### Exercise aim
Output, exactly and with no pictures, the line that contains "Abbeyside B&B Ballintober" and every line that comes after it in the data below, the last one included.

### Provided data
Segment Open

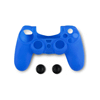 Spartan Gear Controller Silicon Skin Cover PS5 (Blue)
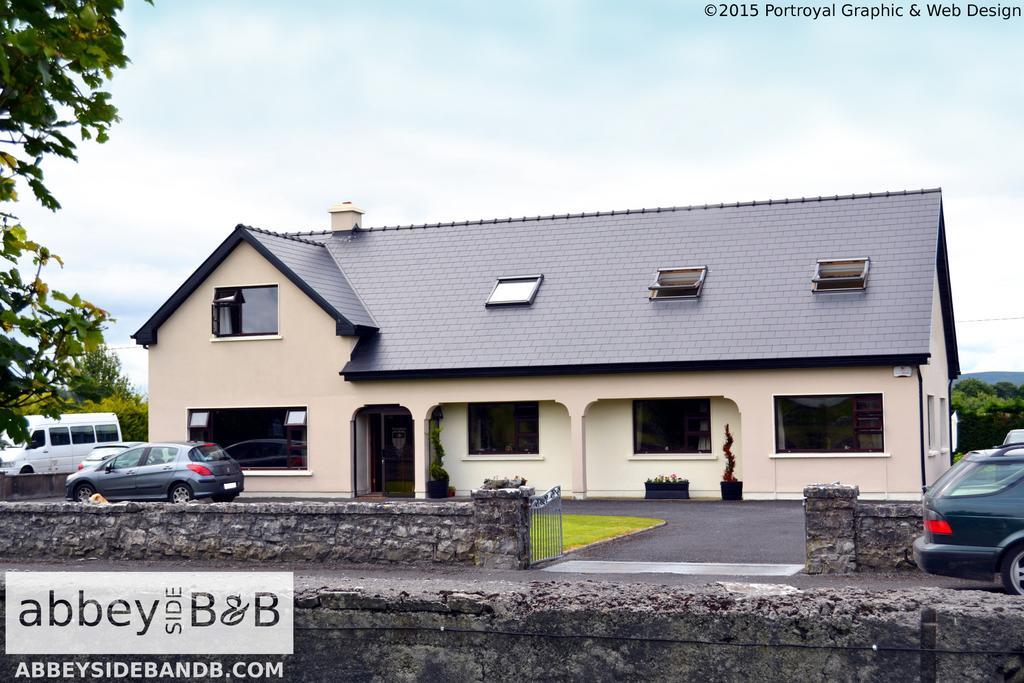 Abbeyside B&B Ballintober  Exterior photo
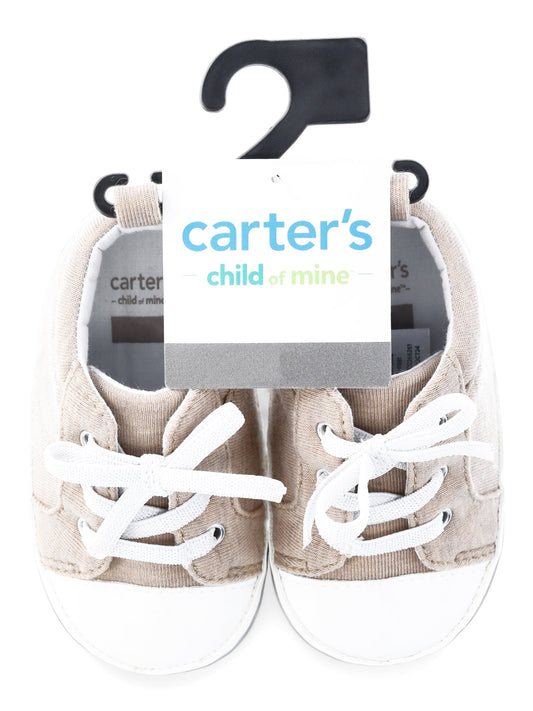 Carter's Child of Mine Baby Boys Mix Materials Sneakers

Segment Closed

### Solved problem
 Abbeyside B&B Ballintober  Exterior photo
 Carter's Child of Mine Baby Boys Mix Materials Sneakers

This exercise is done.